Свою посредническую миссию Эразм начинает с попытки утихомирить Лютера. Через друзей он заклинает этого невразумляемого человека писать не столь "подстрекательски", не толковать Евангелие на столь "неевангельский" лад: "Я хотел бы, чтоб на какое-то время Лютер воздержался от всех пререканий и сохранял чистоту евангельского дела. Он добился бы большего успеха". И первым делом - не все надлежит обсуждать публично. Требование церковных реформ ни в коем случае нельзя выкрикивать в уши толпе, беспокойной и всегда склонной к сваре. "Не всегда следует говорить всю правду. Многое зависит от того, как она провозглашена".

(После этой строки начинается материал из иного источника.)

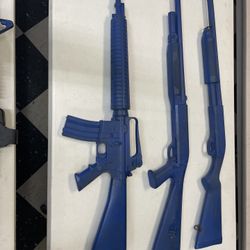 Rings Manufacturing Training Shapes / Simulators / Props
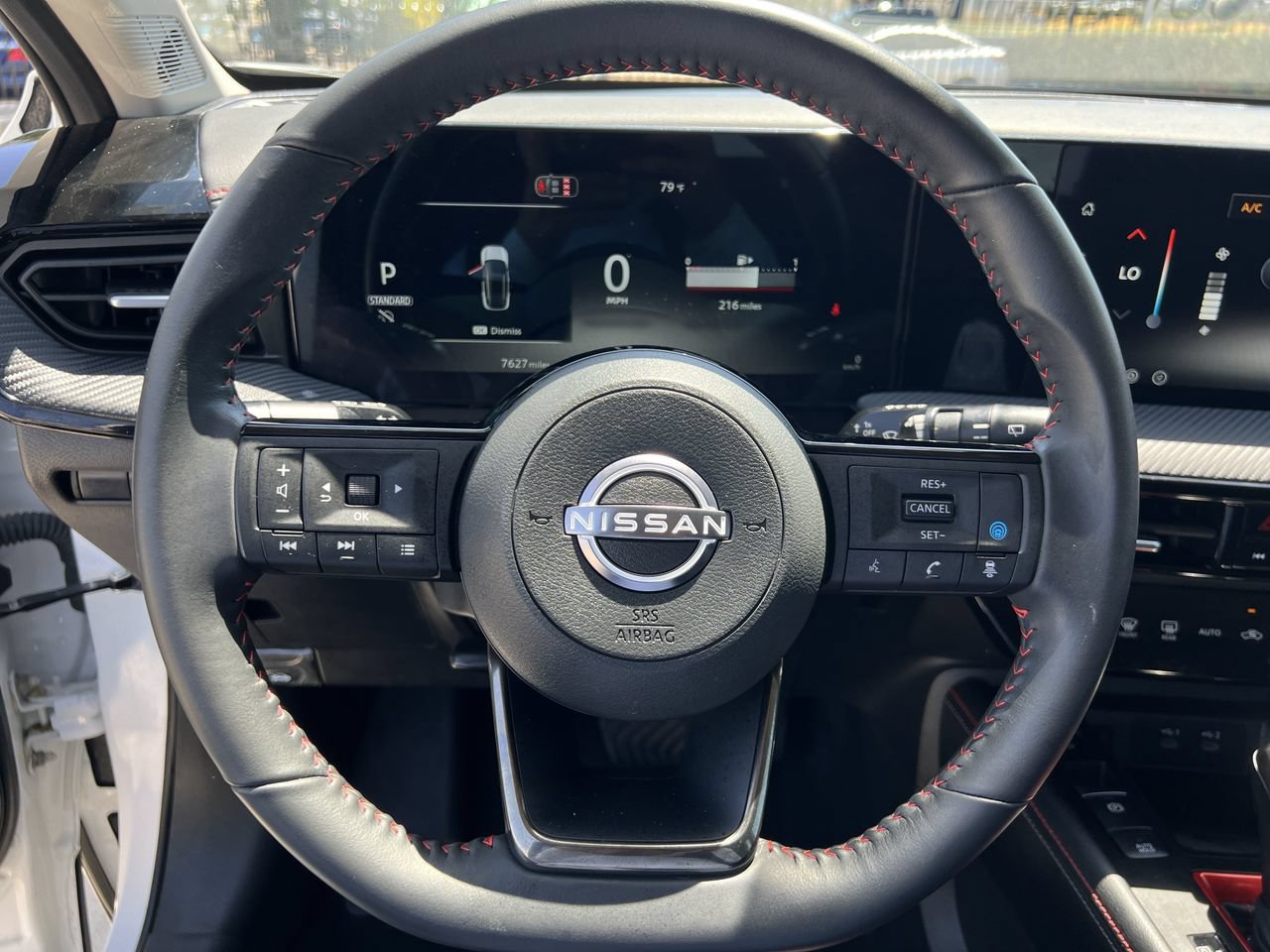 Certified 2026 Nissan Kicks SR FWD image 11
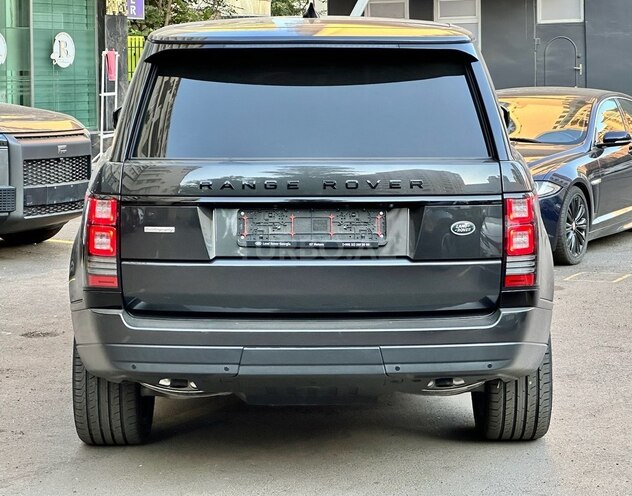 Land Rover Range Rover 2018, 130,000 km - 3.0 l - Bakı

Мысль, что ради временной выгоды хотя бы на минуту можно умолчать об истине, была наверняка не понятна Лютеру. Для него, приверженца истины, принявшего ее душой и сердцем, священный долг совести выкрикнуть вслух каждый ее слог и каждую йоту - все равно, последует ли за этим война, смута или даже рухнут небеса. Учиться искусству молчания Лютер не может и не собирается. За прошедшие четыре года речь его обрела новую мощь и силу, накопившаяся народная горечь нашла в нем своего выразителя. Немецкое национальное сознание жаждет восстать против всего чужеземного. Ненависть к священникам, к чужакам, социальный бунт и темные религиозные страсти с каждым днем сильней накаляются в народе со времен "Союза Башмака" [120]. Все это пробудил Лютер ударом молотка по дверям виттенбергской церкви. Все сословия: князья, крестьяне, бюргеры - считают, что их частное сословное дело освящено Евангелием. Немцы увидели в нем человека отваги и действия, в нем сосредоточились все разноречивые устремления. Но когда в пылу религиозного экстаза национальное сливается с социальным, всегда возникают те мощные толчки, которые потрясают вселенную; если же при этом найдется такой человек, как Лютер, в котором все увидят воплощение своих неосознанных желаний, этот человек обретает магическую власть. Тот, кому нация по первому зову готова отдать все свои силы, легко может счесть себя посланцем провидения и начинает говорить языком пророка, как в Германии давно уже никто не говорил: "Бог повелел мне учить и судить как одному из апостолов и евангелистов на земле немецкой". Он чувствует в экстазе, что бог поручил ему очистить церковь, освободить народ из рук "антихриста" папы, этого "скрытого дьявола во плоти", освободить словом, а если иначе нельзя - мечом, огнем и кровью.
Обращаться к тому, чей слух полон шумом народного восторга и словами божественного повеления, с проповедью сдержанности и осторожности - дело напрасное. Скоро Лютер почти перестает слышать Эразма, он ему больше не нужен. Неумолимым железным шагом он совершает свой исторический путь.
Но в то же самое время и с той же настойчивостью, как к Лютеру, обращается Эразм к противной стороне - к епископам, князьям и владыкам, предостерегая их от поспешной жестокости в отношении Лютера. Он видит, что здесь тоже постарался его давний враг, фанатизм, никогда не желающий признавать своих ошибок. Он предупреждает, что отлучение было бы, пожалуй, слишком резким шагом, что Лютер вообще человек исключительно честный и его образ жизни в целом достоин похвалы. Конечно, Лютер выразил сомнение относительно индульгенций, но и другие до него позволяли себе смелые высказывания на сей счет. "Не всякое заблуждение уже есть ересь", напоминает великий посредник и оправдывает своего злейшего противника Лютера: "Многое он написал скорей опрометчиво, нежели с дурным умыслом". В таких случаях незачем тотчас кричать о костре и обвинять в ереси каждого, кто внушает подозрения. Не благоразумней ли предостеречь Лютера и вразумить его, чем поносить и злить? "Лучше всего для примирения, - пишет он кардиналу Кампеджо, - было бы, если папа от каждой стороны потребовал бы публичного изложения взглядов. Это помогло бы избежать злонамеренных передержек и смягчить сумасбродство речей и писаний". Снова и снова настаивает миролюбец на примирительном церковном соборе, советует спорящим доверительно изложить свои тезисы в кругу ученых церковников, что могло бы привести к "взаимопониманию, достойному христианского духа".